Two recent papers, both published in Proceedings of the National Academy of Sciences of the U.S.A., try to help settle the question. Todd Surovell and Nicole Waguespack of the University of Wyoming and P. Jeffrey Brantingham of the University of California, Los Angeles, studied the timing and location of Pleistocene encounters between humans and proboscideans (the order that includes mammoths, mastodons and elephants) and found evidence supporting the overkill hypothesis. Meanwhile, Clive N. G. Trueman of the University of Portsmouth and Judith H. Field of the University of Sydney were part of a multinational team that confirmed the age of megafauna fossils at a site in eastern Australia, concluding that their work weakens claims for overkill in the land Down Under.

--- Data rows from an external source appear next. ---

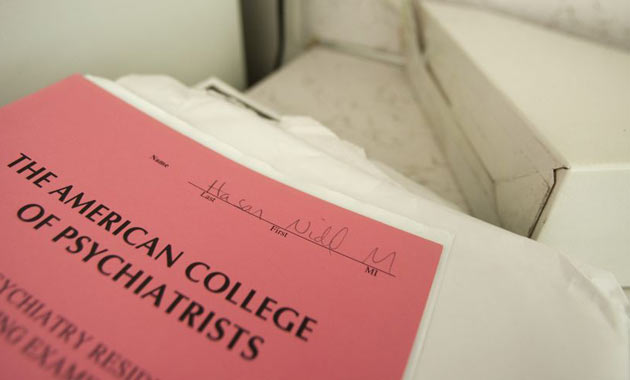 A psychiatry examination is seen in Hasan's kitchen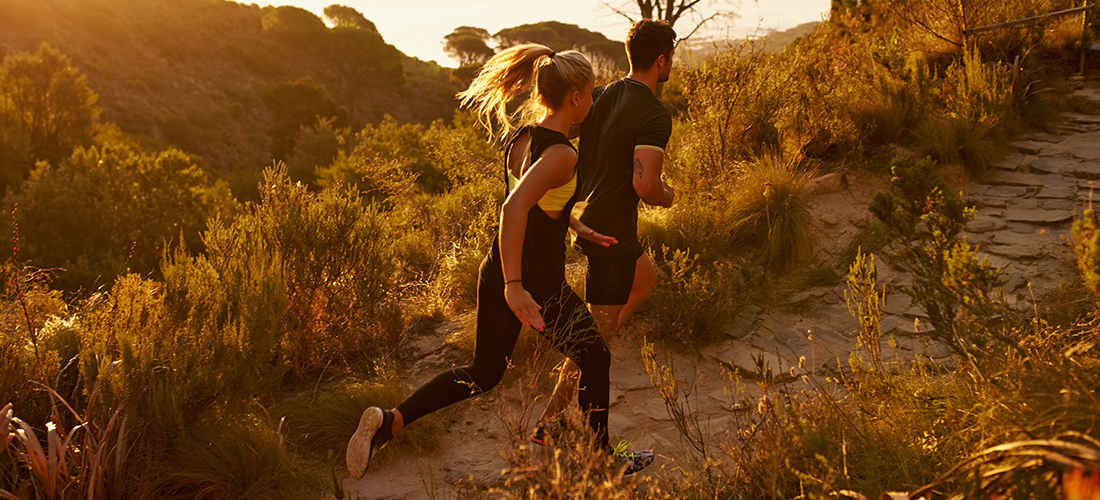 Two people running on a mountain trail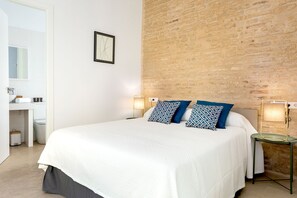 Une chambre avec un grand lit, une table de chevet avec une lampe, un mur en briques, une porte blanche et une petite salle de bain avec un lavabo et des toilettes.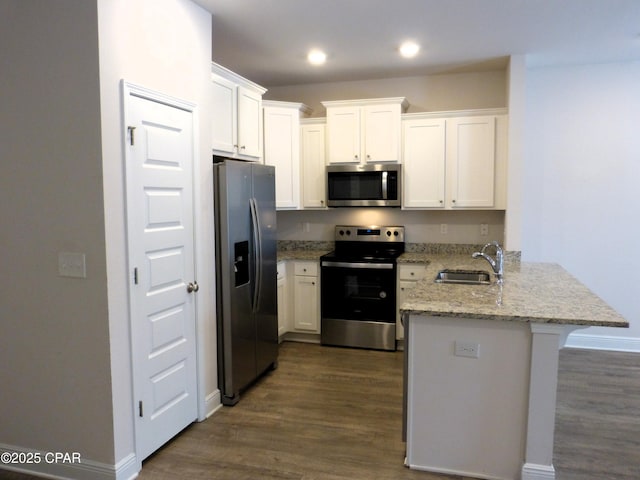 kitchen with white cabinetry, light stone counters, stainless steel appliances, and kitchen peninsula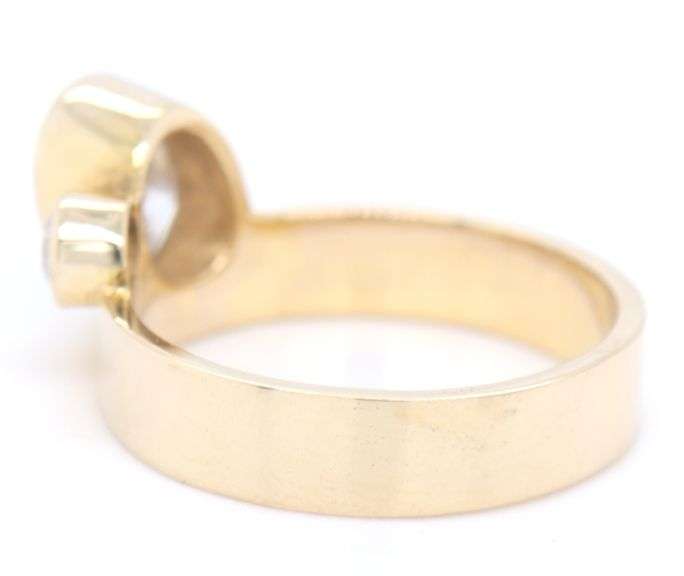 14kt Yellow gold oval and round Moissanite bezel set wide ring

Surovell, Waguespack and Brantingham outlined two possible extinction scenarios, one based on human overkill and the other on climate change. They then plugged into their models data from 41 archaeological sites in Africa, Europe, Asia and the Americas that contain remains of proboscideans hunted or scavenged by humans. If people hunted these animals to extinction, the authors argue, the kill sites should appear along the border between proboscidean and human ranges. So, as humans expanded south across North America, for example, the sites would also be located farther and farther south. If climate was the culprit, then people and proboscideans should have shared some of the same territory, at least until climate change shrunk proboscidean habitat. Thus, kill sites would be found both along and behind the frontier of human expansion.

The authors concluded that the location and age of the sites correlate closely with an overkill model. As humans moved north into Eurasia from Africa and, later, south from Alaska across the Americas, proboscidean range contracted correspondingly. Climate change, then, cannot account for proboscidean extinction "unless one were to invoke serial climatic change that perfectly tracks human global colonization." The odds, they're saying, aren't good.

Although the authors do not claim to have proved that humans drove other species to extinction, Surovell is skeptical of arguments for climate change. "I would like to see somebody explain how climate change could cause mass extinction on such a large geographical scale," he says. "Climate is constantly changing."

In Australia, much of the evidence for overkill relies on proving that many large animals became extinct within several millennia of the first appearance of humans, usually estimated at about 50,000 years ago. Unlike other parts of the world, nothing in Australia's fossil record proves that humans hunted megafauna. As Trueman and Field note in their paper, there aren't even any sites with evidence that early inhabitants had the tools to kill large animals.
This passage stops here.